A young woman moves from the place of her birth to the remote northern country of her forebears to be housekeeper to her brother, whose wife has recently left him.
Soon after her arrival, a series of inexplicable events occurs – collective bovine hysteria; the demise of a ewe and her nearly born lamb; a local dog’s phantom pregnancy; a potato blight. She notices that the local suspicion about incomers in general seems to be directed with some intensity at her and she senses a mounting threat that lies ‘just beyond the garden gate.’ And as she feels the hostility growing, pressing at the edges of her brother’s property, she fears that, should the rumblings in the town gather themselves into a more defined shape, who knows what might happen, what one might be capable of doing.
With a sharp, lyrical voice, Sarah Bernstein powerfully explores questions of complicity and power, displacement and inheritance. Study for Obedience is a finely tuned, unsettling novel that confirms Bernstein as one of the most exciting voices of her generation.

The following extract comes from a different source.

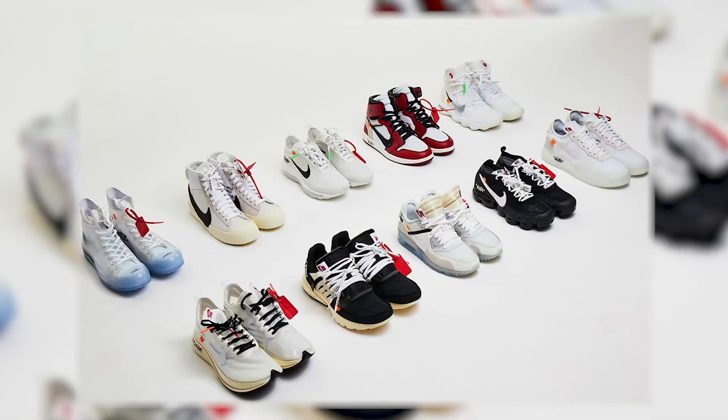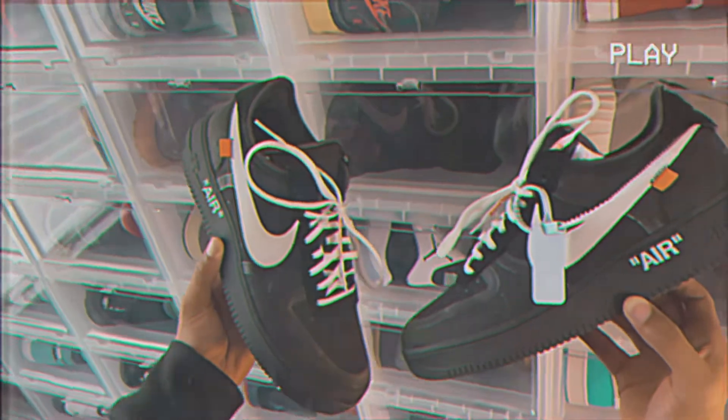Virgil was a beast, man. Starting back in 2017 with the 10, then doing different variations and colors of the 10, and doing the lot 50 of the Dunk — his inspiration to this culture will continue to live on. I was first inspired by him when I saw the work he did with the Yeezus cover.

I think listening to it was a particularly good idea as it is narrated by a young women in a way that feels like she is telling the story to you. I liked her voice and her thoughts about herself, the world and her place in the world. As the novel progresses, I wondered if I should be taking her words at face value. In the end she might be an unreliable narrator or have a different view of the world than everyone else. I don’t want to give too much away – it’s a short novel, so you can read it yourself if you want to know.
A review.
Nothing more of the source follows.